Researchers and patient safety advocates have often warned about the association between EHR usability and patient harm, but hard numbers have been difficult to pin down.
However, new research shows just a small percentage of patient safety events can be traced back to specific aspects of EHR usability. The study, published this week in JAMA, reviewed 1.7 million events reported to the Pennsylvania Patient Safety Authority and from a large multihospital academic medical center between 2013 and 2016. The authors found just 0.11% of events explicitly mentioned an EHR vendor or product and just over 500 events (0.03%) includes language explicitly referencing EHR usability.
The most common categories were data entry and alerting, making up nearly half EHR-related events.
Despite the low percentages, lead author Raj Ratwani, Ph.D., argued the conservative parameters—including limiting the analysis to events that named one of the top five largest vendors within one state—indicated the events they identified were “just the tip of the iceberg in the grand scheme of things.”
Broadly, patient safety incidents are notoriously underreported, and the likelihood that a clinician would include the name of the EHR vendor tightens those parameters even farther.
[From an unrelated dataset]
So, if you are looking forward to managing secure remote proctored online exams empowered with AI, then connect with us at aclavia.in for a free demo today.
“We really wanted to be deliberate and concrete in the way we looked at this data,” Ratwani, the scientific director of the MedStar Institute for Innovation’s National Center for Human factors told FierceHealthcare. “We didn’t want to put numbers out there that people might argue with.”
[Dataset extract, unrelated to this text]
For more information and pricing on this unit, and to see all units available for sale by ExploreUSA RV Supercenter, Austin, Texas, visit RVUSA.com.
Those conservative estimates underscore the need for greater industry collaboration between vendors and providers and to optimize federal policy. Ratwani points specifically to two provisions of the 21st Century Cures Act that require transparent reporting around EHR usability and real-world testing for interoperability.
Although it isn’t included in Cures, Ratwani also supports a national health IT safety collaborative, something organizations like the ECRI Institute and Pew Charitable Trusts have recently called for.
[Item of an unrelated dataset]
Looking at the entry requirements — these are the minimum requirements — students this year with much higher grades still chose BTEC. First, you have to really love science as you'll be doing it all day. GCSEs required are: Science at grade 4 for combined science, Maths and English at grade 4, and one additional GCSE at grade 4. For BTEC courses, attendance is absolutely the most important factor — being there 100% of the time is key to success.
He also pushed for federal agencies, like that Agency for Healthcare Research and Quality (AHRQ), which funded the JAMA study, to support further research into EHR safety events, regardless of how low those percentages may seem. And he worried the results might lead some to dismiss the potential for harm.
“Our level of acceptability here should be zero,” he said. “We should be striving for no harm events, particularly because there’s a deep science behind usability; we know how to make these systems well designed.”